Lacking consistent, national community standards for access to online pornography, the court recognized that it would have to follow the most severe conservative community standards in the U.S. for COPA to be enforced.

Because the law purports to protect only material that would have "serious literary, artistic, political, or scientific value for minors," Congress would have created a law that in effect allows the John Birch Society, the Christian Coalition, and Pat Buchanan determine what Web content is of value to children.

If "of value" is the Web-content standard to which contemporary online communities must adhere, COPA extinguishes all free speech rights on the Internet and eviscerates the First Amendment.

Handcuffed
In his initial decision, Judge Reed held that government can essentially do nothing to solve the very real problem of children accessing material that may be harmful to them.

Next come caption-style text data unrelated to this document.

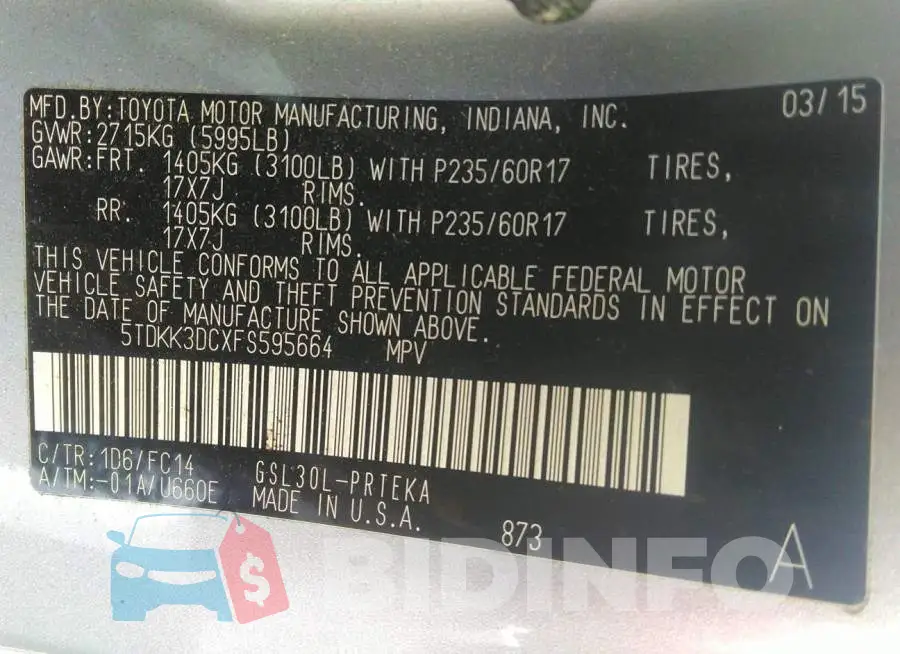 5TDKK3DCXFS595664 Photo# 9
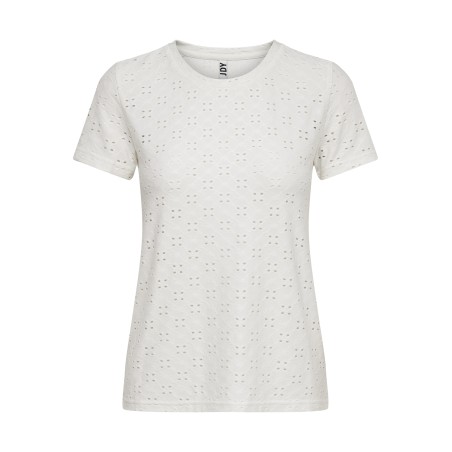 JDY Cathinka S/S Tag Top Jrs - Cloud Dancer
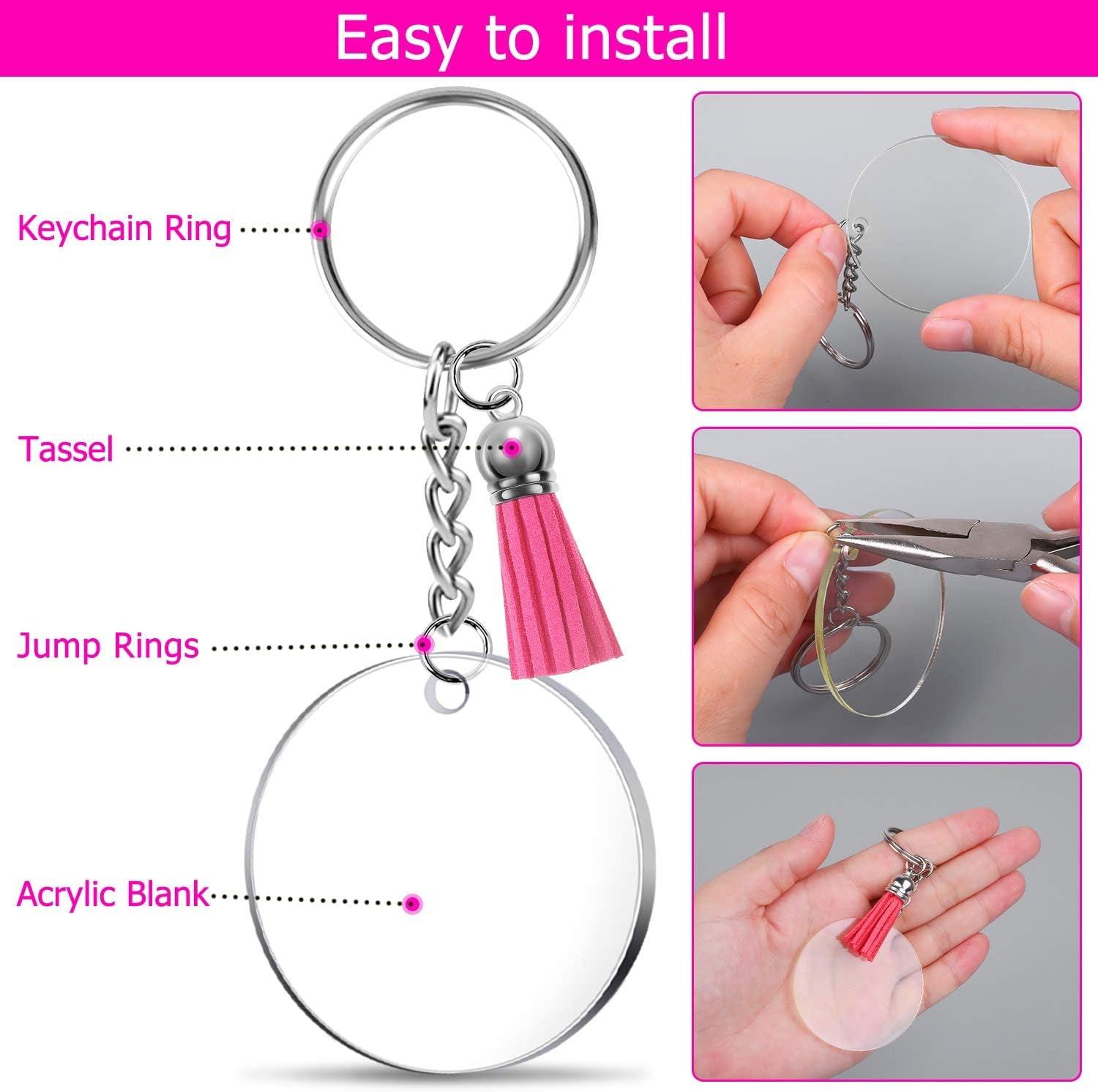 200pcs DIY Acrylic Keychain Set Transparent Acrylic Keychain Blanks  Pendants Tassel Keychain Personalized DIY Crafts Projects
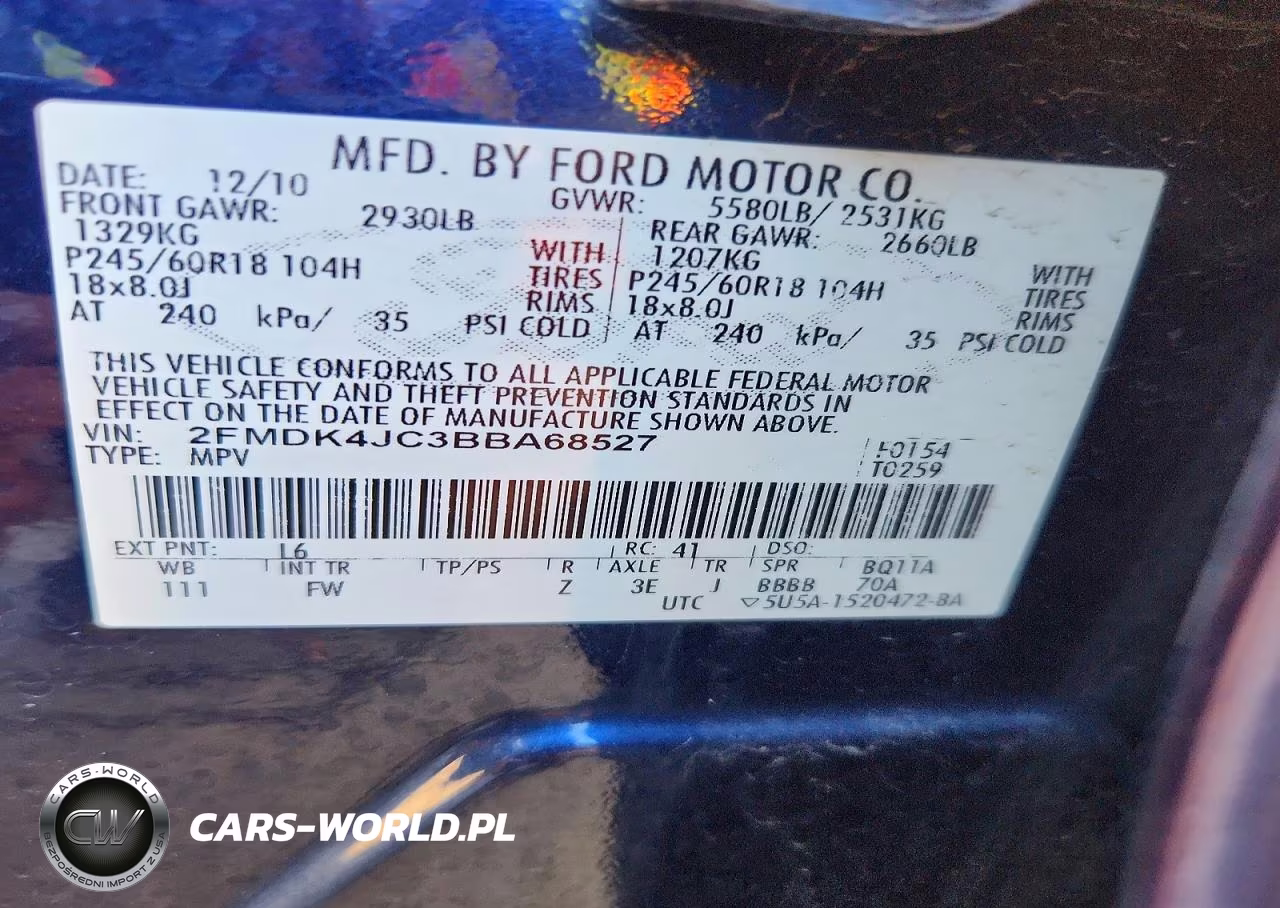 2011 Ford Edge Sel VIN:2FMDK4JC3BBA68527 - 12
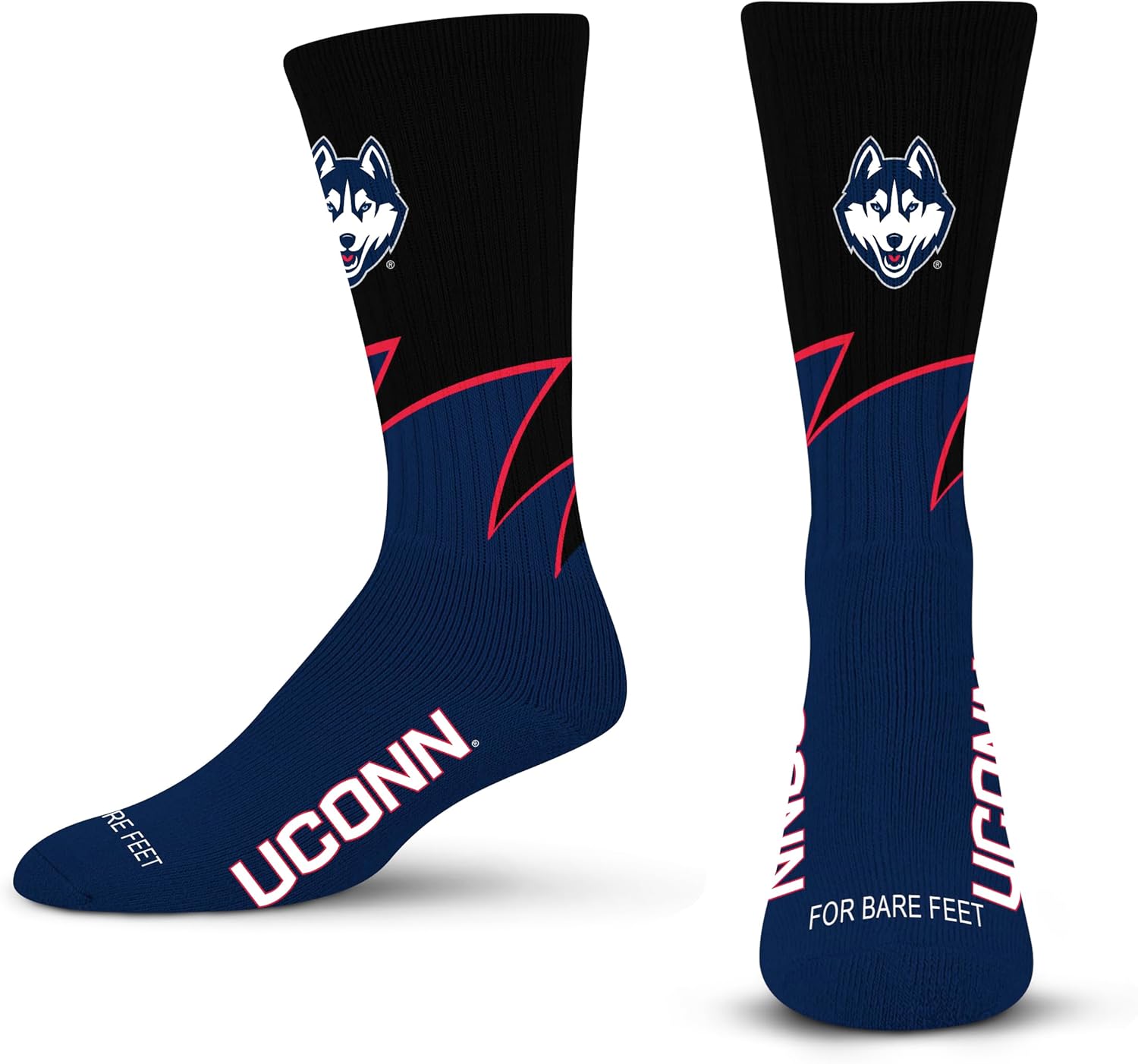 For Bare Feet NCAA Unisex Kids Black Wave Crew Sock Ncaa Youth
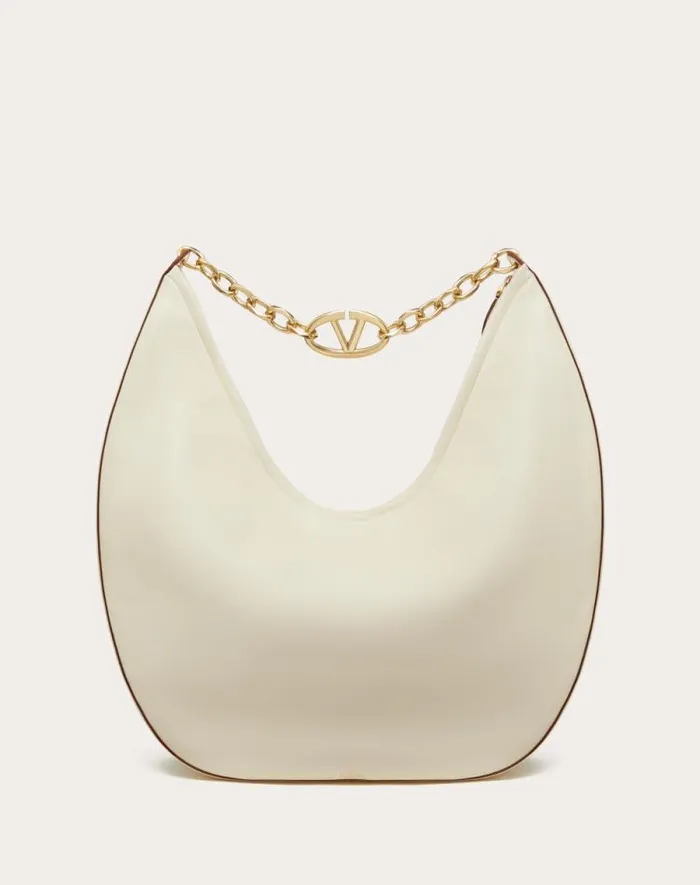 Valentino Shoulder Bags Woman Maxi Vlogo Moon Nappa Leather Hobo Bag With Chain For Woman In Cocoa Cocoa Valentino Shoulder Bags Woman Maxi Vlogo Moon Nappa Leather Hobo Bag With Chain For Woman In Cocoa Cocoa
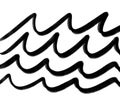 Black ink line wave banner doodle freehand sketch drawing shape form abstrat element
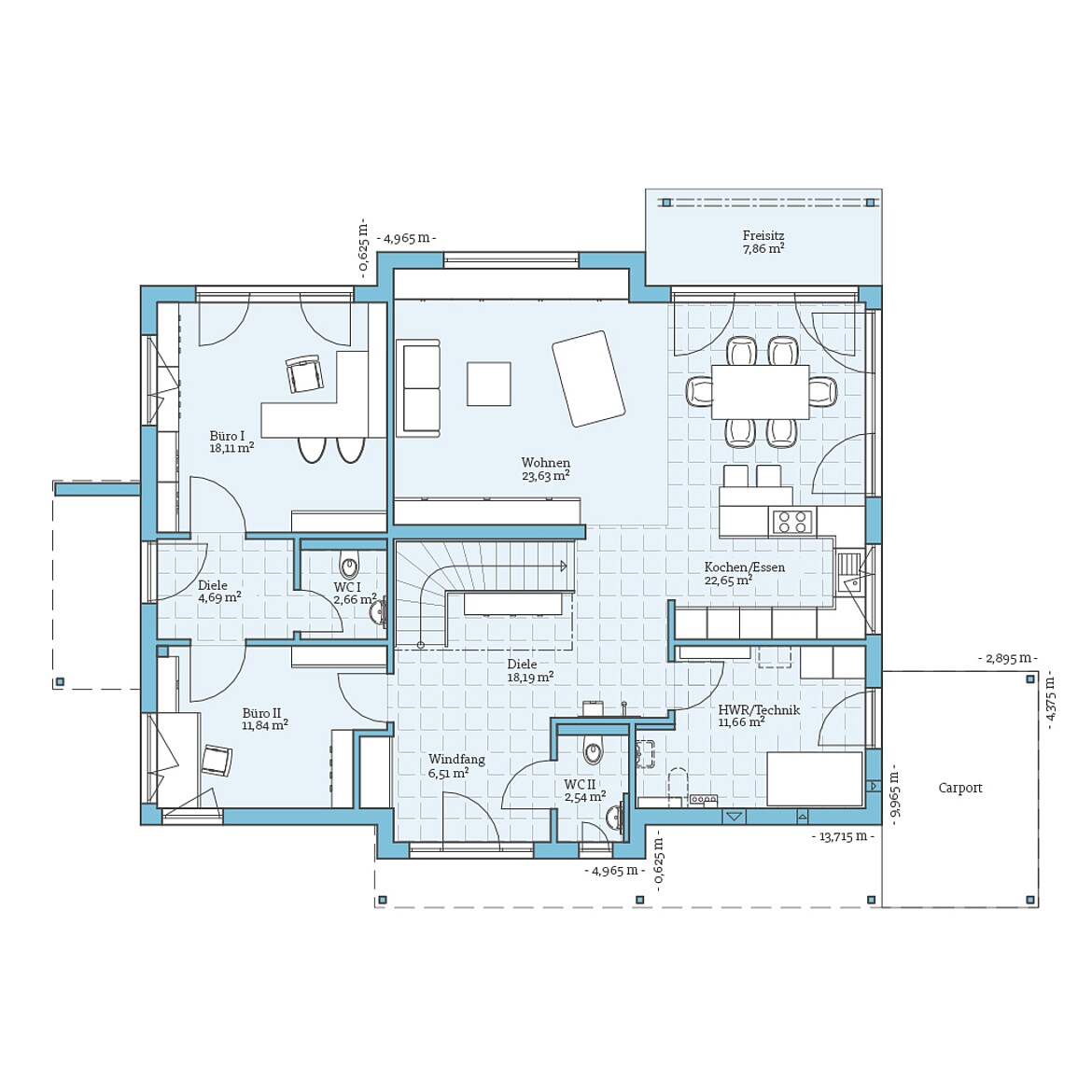 Prefabricated house Variant 35-235: Ground floor plan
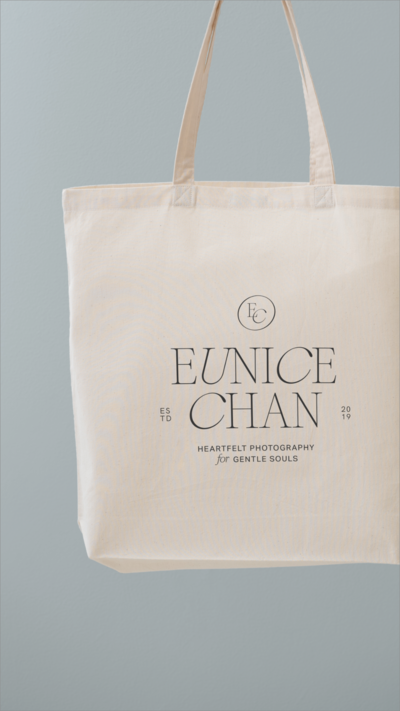 Eunice Chan Photography branding, including brand strategy, visual identity, web design, and stationary design by The Daily Atelier.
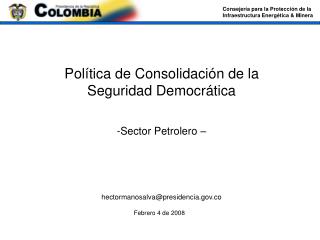 Consejería para la Protección de la Infraestructura Energética &amp; Minera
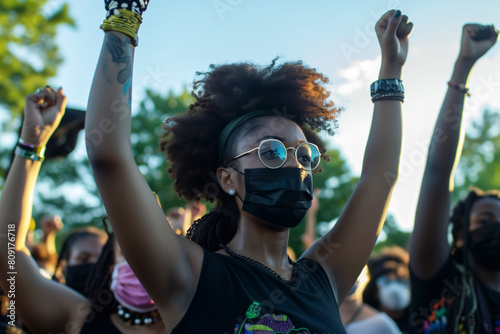Black Woman Hold Fist in the Air During a Peaceful Protest Juneteenth Rally. Black independence day.  photo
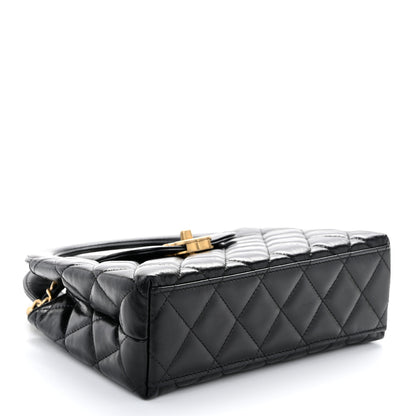 Chanel Shiny Aged Calfskin Quilted Nano Kelly Shopper Black 4 of 11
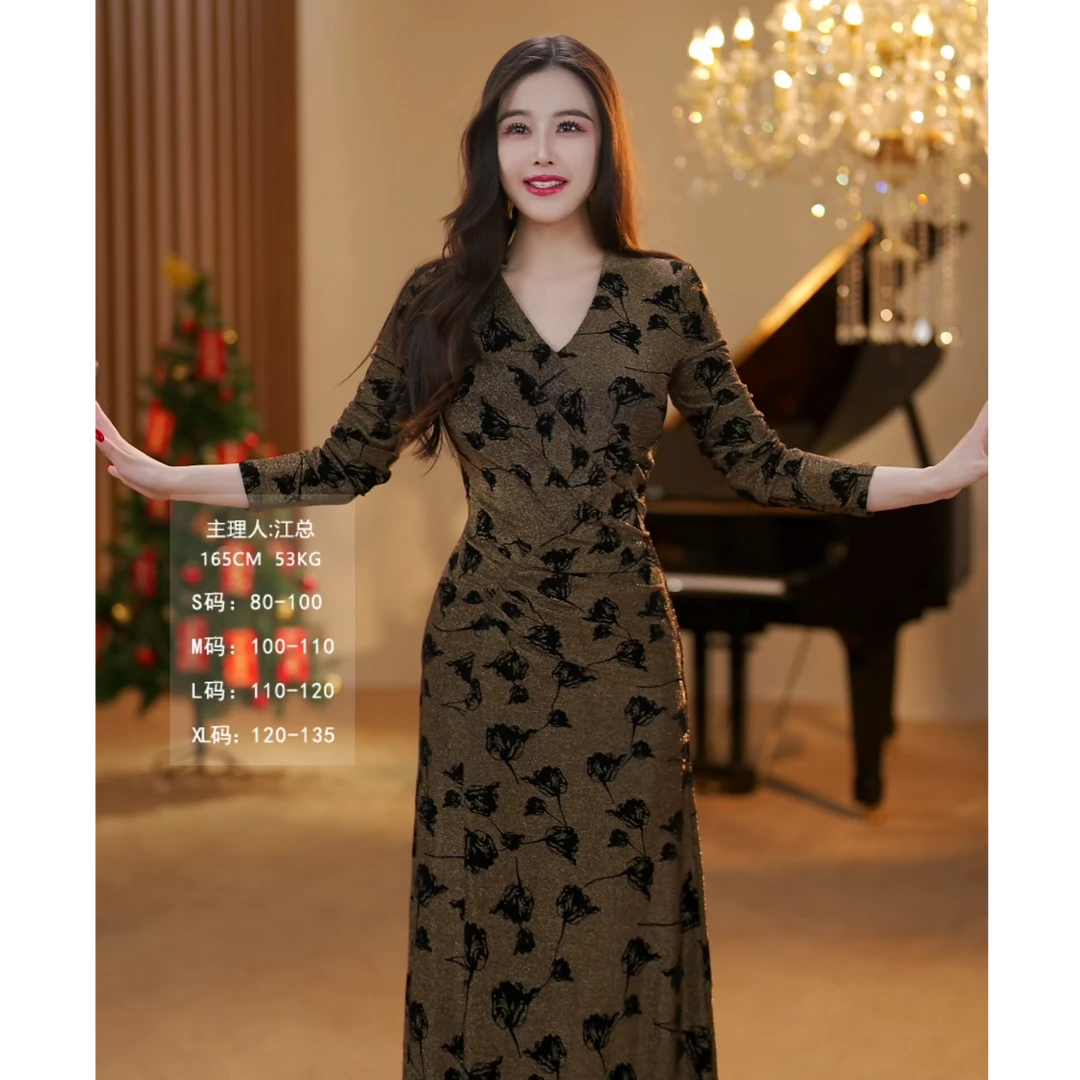【JOSIE定制】咖金玫瑰 显瘦高级小众设计感修身法式连衣裙-YL20095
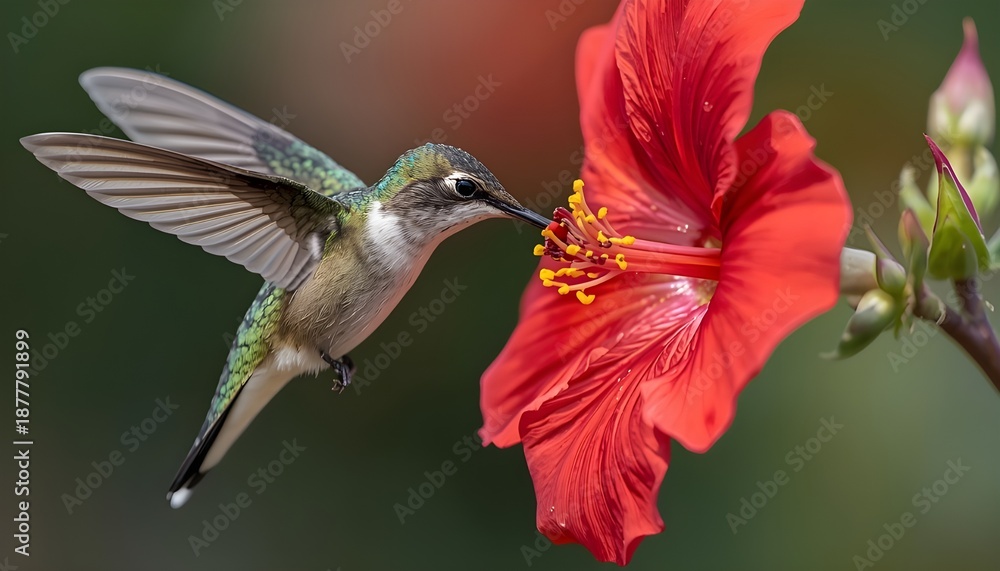 Fototapeta premium Hummingbird feeding on red hibiscus flower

Service providers have gone to great lengths to substitute Web programming prowess for parental supervision, but COPA would transform service providers into functioning like a bouncer outside the entrance to a topless bar.

If Congress wants to wrap Web-based pornography in plain brown paper, it needs to find the means to empower family filtering programs without trampling the First Amendment rights of adults and, at the same time, obligating service providers to further subsidize the cost of thwarting smut.